TRÈS NOMBREUX, CHACUN SEUL
Théâtre du Soleil
Cartoucherie de Vincennes
route du Champ de Manœuvre
75012 Paris
Tel : 01 43 74 24 08
Jusqu’au 10 janvier 2016
du mardi au samedi à 20h, le dimanche à 16h
(Relâches jeudis 24 et 31 décembre, vendredi 25 et 1er janvier)
Un grand plateau à la Cartoucherie pour une réflexion approfondie sur le monde du travail, sous forme de textes convaincants et de belles images projetées, dont celles de mécaniques d’usine, de tasses, et également celles du psychiatre spécialisé Christophe Dejours, expliquant la souffrance au travail dans les entreprises contemporaines.

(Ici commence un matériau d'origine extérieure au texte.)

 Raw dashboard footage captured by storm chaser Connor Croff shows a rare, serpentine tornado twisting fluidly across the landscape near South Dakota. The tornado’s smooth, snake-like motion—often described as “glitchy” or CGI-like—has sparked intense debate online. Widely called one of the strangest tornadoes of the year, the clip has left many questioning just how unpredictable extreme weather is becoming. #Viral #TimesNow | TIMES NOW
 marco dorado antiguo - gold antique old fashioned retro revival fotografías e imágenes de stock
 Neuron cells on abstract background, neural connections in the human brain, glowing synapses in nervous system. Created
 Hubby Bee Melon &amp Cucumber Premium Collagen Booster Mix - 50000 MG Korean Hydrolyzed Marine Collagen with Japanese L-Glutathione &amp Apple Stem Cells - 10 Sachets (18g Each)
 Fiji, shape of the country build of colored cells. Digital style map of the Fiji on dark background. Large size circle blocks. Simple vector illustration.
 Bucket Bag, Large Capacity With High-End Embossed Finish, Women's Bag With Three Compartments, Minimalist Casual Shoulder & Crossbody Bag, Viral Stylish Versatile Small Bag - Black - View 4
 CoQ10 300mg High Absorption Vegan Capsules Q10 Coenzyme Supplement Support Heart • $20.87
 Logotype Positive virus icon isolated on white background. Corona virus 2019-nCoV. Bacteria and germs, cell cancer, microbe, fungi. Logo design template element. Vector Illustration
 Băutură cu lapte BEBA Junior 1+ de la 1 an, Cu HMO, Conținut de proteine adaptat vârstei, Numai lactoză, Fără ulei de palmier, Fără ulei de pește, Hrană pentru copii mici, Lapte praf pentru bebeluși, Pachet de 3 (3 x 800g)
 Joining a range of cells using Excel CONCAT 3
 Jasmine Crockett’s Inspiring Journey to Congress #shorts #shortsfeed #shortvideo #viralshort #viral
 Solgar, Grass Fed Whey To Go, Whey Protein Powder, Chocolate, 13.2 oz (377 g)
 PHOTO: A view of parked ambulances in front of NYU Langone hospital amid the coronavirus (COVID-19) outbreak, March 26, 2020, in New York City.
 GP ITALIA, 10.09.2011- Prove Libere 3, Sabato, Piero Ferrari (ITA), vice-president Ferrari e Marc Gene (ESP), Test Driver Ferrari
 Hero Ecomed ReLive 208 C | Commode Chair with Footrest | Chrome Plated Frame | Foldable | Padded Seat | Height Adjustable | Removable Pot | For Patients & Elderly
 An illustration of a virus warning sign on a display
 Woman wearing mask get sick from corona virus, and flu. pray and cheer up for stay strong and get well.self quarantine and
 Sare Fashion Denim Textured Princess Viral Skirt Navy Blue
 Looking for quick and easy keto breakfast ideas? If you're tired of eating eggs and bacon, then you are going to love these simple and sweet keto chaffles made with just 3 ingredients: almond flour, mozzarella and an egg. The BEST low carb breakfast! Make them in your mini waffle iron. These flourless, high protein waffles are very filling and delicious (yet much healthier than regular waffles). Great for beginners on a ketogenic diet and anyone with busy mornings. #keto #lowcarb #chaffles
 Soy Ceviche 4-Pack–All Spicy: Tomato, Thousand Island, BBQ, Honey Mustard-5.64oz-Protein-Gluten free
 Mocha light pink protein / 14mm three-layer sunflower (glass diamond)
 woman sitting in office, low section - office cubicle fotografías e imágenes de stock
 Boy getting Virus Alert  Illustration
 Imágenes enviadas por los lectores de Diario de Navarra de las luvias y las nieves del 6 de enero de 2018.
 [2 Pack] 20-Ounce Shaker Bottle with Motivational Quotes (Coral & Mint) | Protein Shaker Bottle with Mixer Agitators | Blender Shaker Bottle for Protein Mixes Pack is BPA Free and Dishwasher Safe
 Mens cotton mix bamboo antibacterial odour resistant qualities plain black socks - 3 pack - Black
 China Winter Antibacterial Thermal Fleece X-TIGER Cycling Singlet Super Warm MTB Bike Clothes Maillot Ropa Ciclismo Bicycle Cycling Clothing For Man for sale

Il nous apparaît parfaitement pertinent et nous dépeint la portée de ce quasi totalitarisme du travail, auquel nous sommes aujourd’hui assujettis, de manière non violente, mais bien réelle. Des ouvriers répétant mécaniquement et inlassablement le même geste à longueur de vie, aux employés « broyés » derrière leur bureau, la masse salariale est immense et cependant l’individu est plus que jamais isolé à l’intérieur de cette « machine infernale » qui réclame toujours plus de rendement, quitte à passer par le harcèlement moral, l’incitation à la concurrence (déloyale) en interne, la course aux bonus en trompe l’oeil. Bien évidemment, toute cette manipulation est intéressée et se fait au prix du sacrifice de la valeur humaine. Du brain-storming au burn-out il n’y a qu’un pas, que beaucoup franchissent, jusqu’au point de non retour, et même au-delà... Sujet tabou, linge sale, non dits, le suicide au (ou dû au) travail demeure source de gêne et de profond malaise pour notre société moderne.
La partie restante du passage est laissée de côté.